How to maintain purity? Ritual.

Three quotes from [pdf] Purity and Danger: An analysis of the concepts of pollution and taboo by Mary Douglas:

"Ritual recognizes the potency of disorder. In the disorder of the mind, in dreams, faints and frenzies, ritual expects to find powers and truths which cannot be reached by conscious effort. Energy to command and special powers of healing come to those who can abandon rational control for a time. Sometimes an Andaman Islander leaves his band and wanders in the forest like a madman. When he returns to his senses and to human society he has gained occult power of healing. This is a very common notion, widely attested."

"In these beliefs there is a double play on inarticulateness. First there is a venture into the disordered regions of the mind. Second there is the venture beyond the confines of society. The man who comes back from these inaccessible regions brings with him a power not available to those who have stayed in the control of themselves and society"

"During the marginal period which separates ritual dying and ritual rebirth, the novices in the initiation are temporarily outcast. For the duration of the rite they have no place in society. Sometimes they actually go to live far away outside. Sometimes they live near enough for unplanned contacts to take place between full social beings and the outcasts."

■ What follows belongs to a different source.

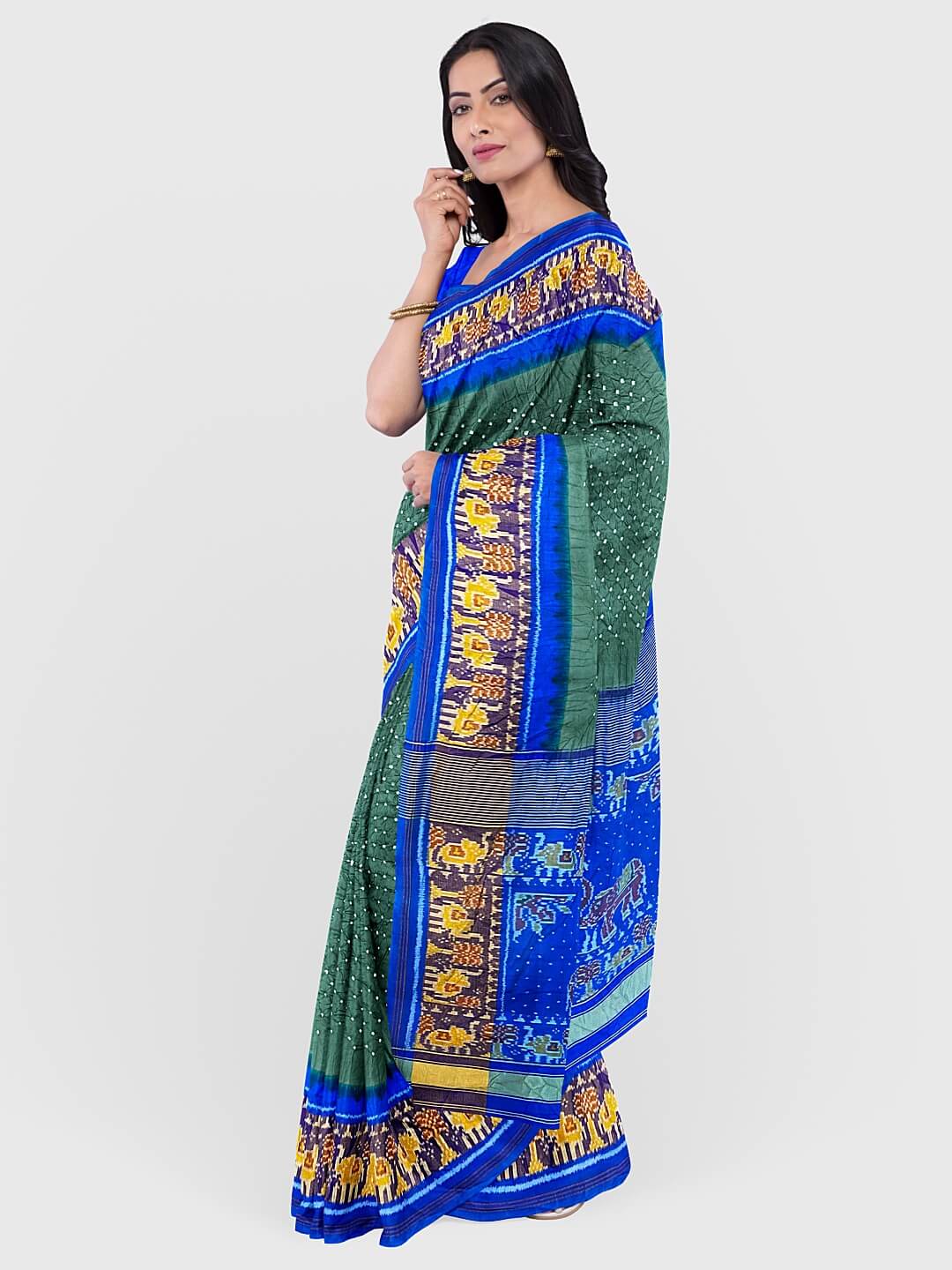 Rama Green Saree in Pure Kanjeevaram Silk for wedding - Clot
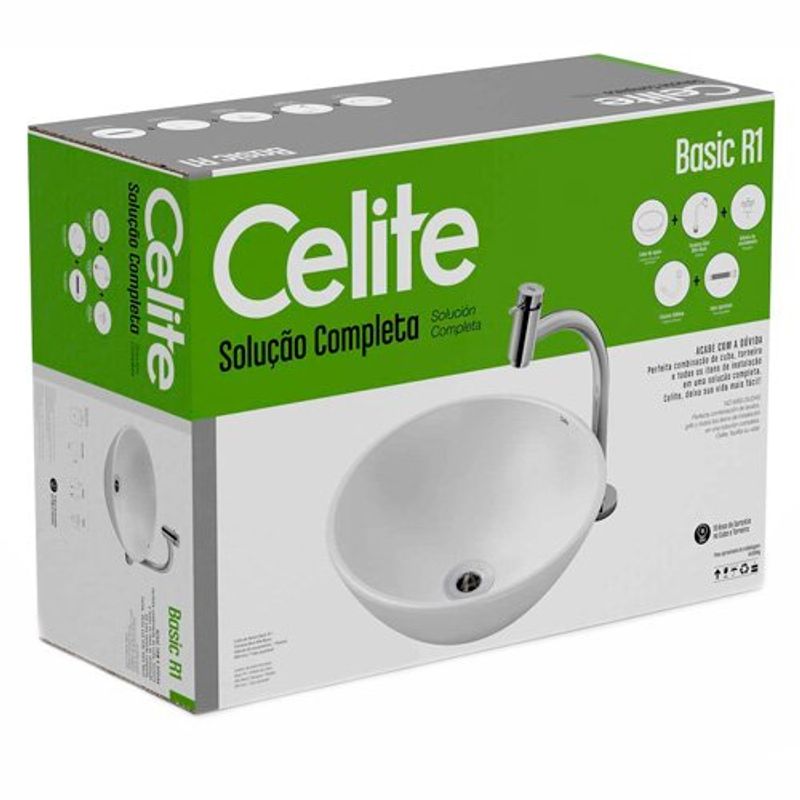 kit cuba celite de apoio redonda com torneira e peças de instalação r1 branco (mp)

I once asked a monk at the Monastery in the Desert if he ever thought that he was running away from the world by secluding himself out in the Desert. I expected him to reply that he was doing the precise opposite: turning away from the superficial world into the profound. Instead, he said it depends upon where you stand. If you are on the inside then those who move outside of the circumference of the world are often seen as "running away" from their social responsibilities. But for those who are searching in the darkness, when they step beyond the pale, they see that others have come before them, that there is a path that leads them to sanctuary. Often, he continued, I hope that our responsibilities to society are similar to those of the lighthouse keeper. We have built this structure that stands upon the border between two worlds so that those within might find a measure of reassurance that there is someone out here, trying to live in a more rigorous, religious manner. But more: that those that are lost out there in the beyond can find a way home.